The major portion of the film, however, is the relationship that develops between Stevenson and McMillian, and Cretton is fortunate in his leads. As the lawyer Michael B. Jordan gives a controlled, unfussy performance that shows Stevenson’s composure when when he is threatened by local police; yet one senses the anger beneath the placid surface. It contrasts well with the more histrionic turn by Jamie Foxx as Walter. Jordan’s is, in fact, a very generous turn, allowing Foxx to have the spotlight and supporting him in it unstintingly. As Ansley, Brie Larson—who’s been something of a muse to Cretton, having appeared in both “Short Term 12” and “The Glass Castle,” skillfully portrays a woman who, in her own way, is as heroic as her Captain Marvel character in a very different picture.

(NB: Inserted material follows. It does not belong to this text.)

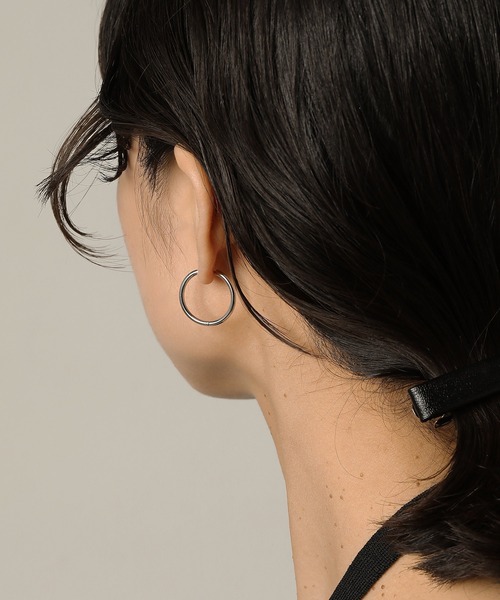 ORLEAN(オルレアン)の「【ORLEAN】 シンプルフープピアス 太さ2.0mm(ピアス(両耳用)・レディース・シルバー系6/シルバー系7/シルバー系2/シルバー系4/シルバー/シルバー系5/シルバー系3/シルバー系1/ゴールド系4/ゴールド系7/ゴールド系2/ゴールド/ゴールド系6/ゴールド系5/ゴールド系1/ゴールド系3・フリー)」の22枚目の写真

The rest of the cast offer uniformly solid turns, with Rafe Spall standing out as conflicted District Attorney Tom Chapman, himself an erstwhile public defender, who initially supports the state’s case against McMillian but finally breaks with the hard-liners surrounding him to support Stevenson’s motion to dismisses the charges. Even more effective is Tim Blake Nelson’s depiction of Myers; it’s a performance of grins and twitches that undoubtedly plays to the rafters but is nevertheless a show-stopper; it also has the virtue of making Foxx’s turn, which might otherwise seem excessive, appear relatively restrained.

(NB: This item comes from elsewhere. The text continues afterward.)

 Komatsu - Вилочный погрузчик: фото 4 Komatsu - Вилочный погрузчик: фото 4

As paced by Cretton and edited by Nat Sanders, “Just Mercy” can feel rather slow, and at well over two hours it’s quite long for this sort of true-life legal piece. But it’s technically solid across the board, with Sharon Seymour’s production design and Brett Pawlak’s cinematography are fine. Joel P. West contributes a nicely unobtrusive score. One of the points made on more than one occasion in “Just Mercy” is that the locals in Monroeville are quick to recommend the museum dedicated to “To Kill a Mockingbird,” by the town’s most famous resident, to outsiders like Stevenson. It’s a bitingly ironic if, once again, unsubtle dig, reminding us that in the American south, plus ça change, plus c’est la meme chose.